Patterns and Word Boundaries

Hopefully this isn't too simplistic of a question, but I'm just getting
started with Bro.

In the text pattern syntax for Bro [1], is there an easy way to define
word boundaries, similar to how some of the RegEx dialects use '\b',
'\<', '\>', etc.? [2]

I'm trying to match for specific strings in a data stream. For example,
the word "nmap". I'm trying several approaches, based on past RegEx
knowledge, and I'm having trouble coming up with a single pattern that
would handle it all. Example bro test script attached; hopefully it's

Fundamentally, is there a syntax reference for pattern matching, or does
it conform to a commonly known dialect (eg. POSIX-style RegEx, or PCRE

[2] Regex Tutorial - \b Word Boundaries

patterns.wordboundary.testcase.bro (1.47 KB)

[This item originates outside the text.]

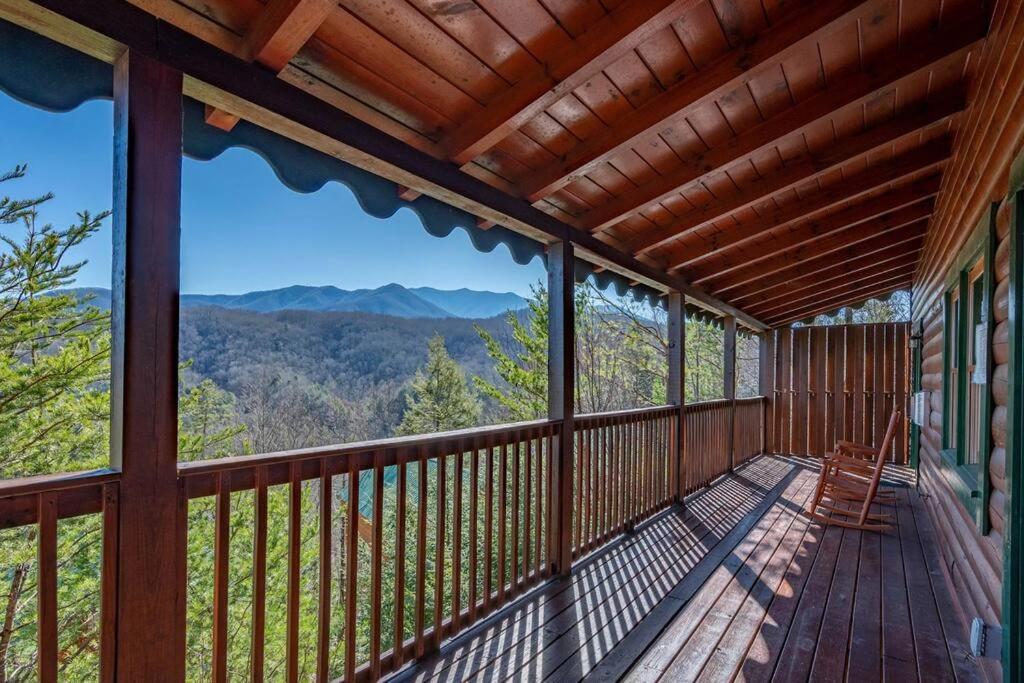 Spacious Smokies Cabin - Hot Tub with Mountain Views - image 5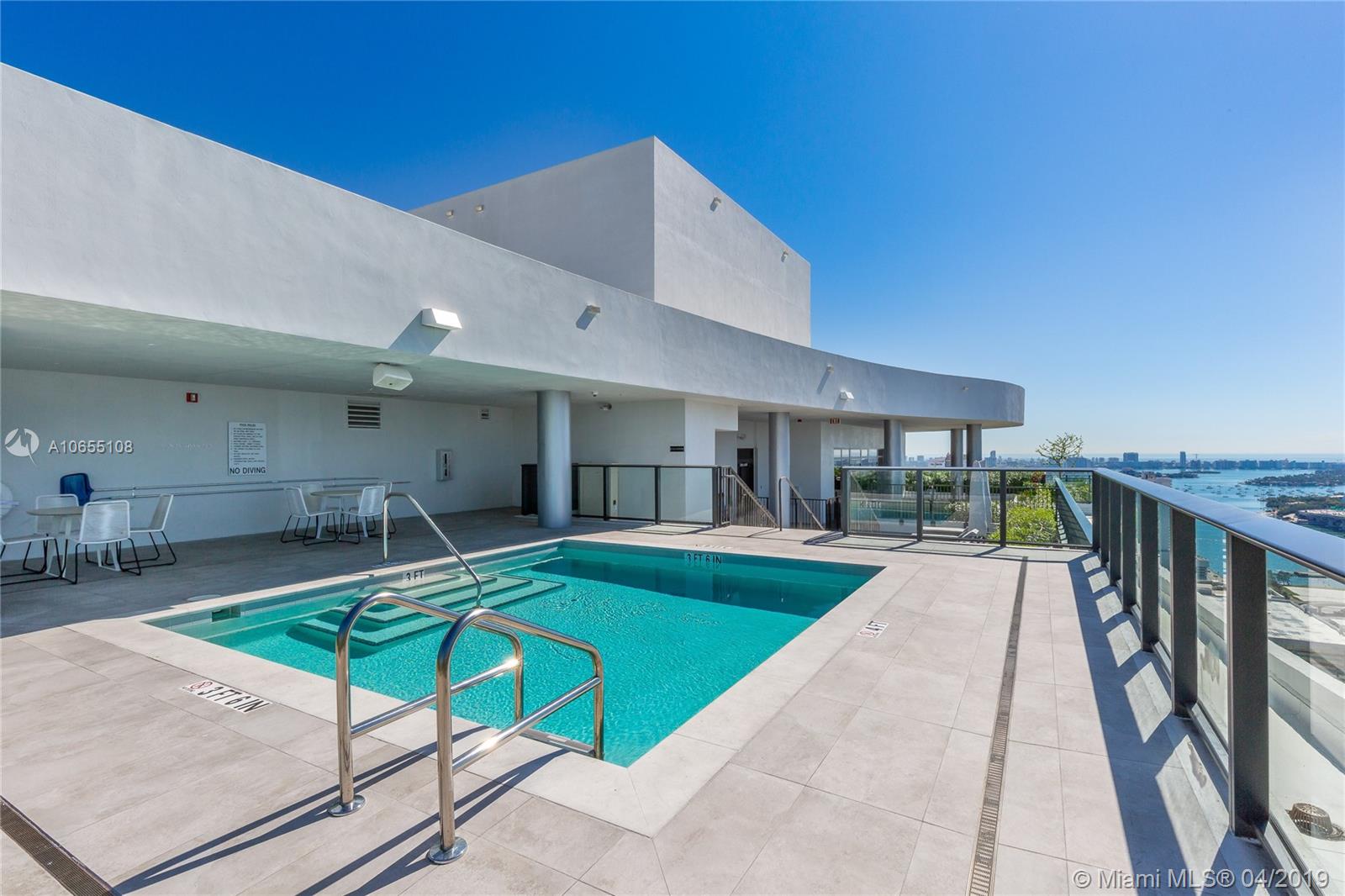 CANVAS - Residential Lease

I know Bro’s regex syntax is almost exactly the same as Flex (only differing in some very edge cases). I am not positive, but from a cursory google it seems Flex doesn’t understand word boundaries.


Well, okay. From what I can tell experimentally, it doesn't have
working shortcuts like "\s" or "[:space:]" either, so I guess I'm left
to do it more like *this* attachment.

Unless I'm missing something obvious. I'd be happy to be wrong on this one.

Lloyd Brown
Systems Administrator
Fulton Supercomputing Lab
Brigham Young University

patterns.wordboundary.testcase.bro (889 Bytes)

It does actually support the standard "[:...:]" cases.


For future list-viewers, yes, I was missing something obvious. The word
boundaries are genuinely missing, but I was using the shortcuts like
'[:space:]' incorrectly.

In short, '[:space:]' and others like it, are not character classes
themselves, but they can exist in a character class. The '[:space:]' is
not the equivalent of '[ \f\n\r\t\v]', but '[[:space:]]' is.

Thanks for the feedback on this, Robin. Sorry for the unnecessary list

Lloyd Brown
Systems Administrator
Fulton Supercomputing Lab
Brigham Young University

Have you read this ??

Regex != Flex

Yes. I had seen that. And I just missed the double-bracket detail.

Having said that, this looks to me like as much of a RegEx dialect as
any other. Those extended shortcuts like I've been referring to are
reasonably common, but not required. And the first sentence on that
page even says the following:

The patterns in the input ... are written using an extended set of regular expressions.

So Flex and RegEx at least share a lot of features and syntax. Whether
or not it's truly RegEx, seems like a purely semantic discussion.

Lloyd Brown
Systems Administrator
Fulton Supercomputing Lab
Brigham Young University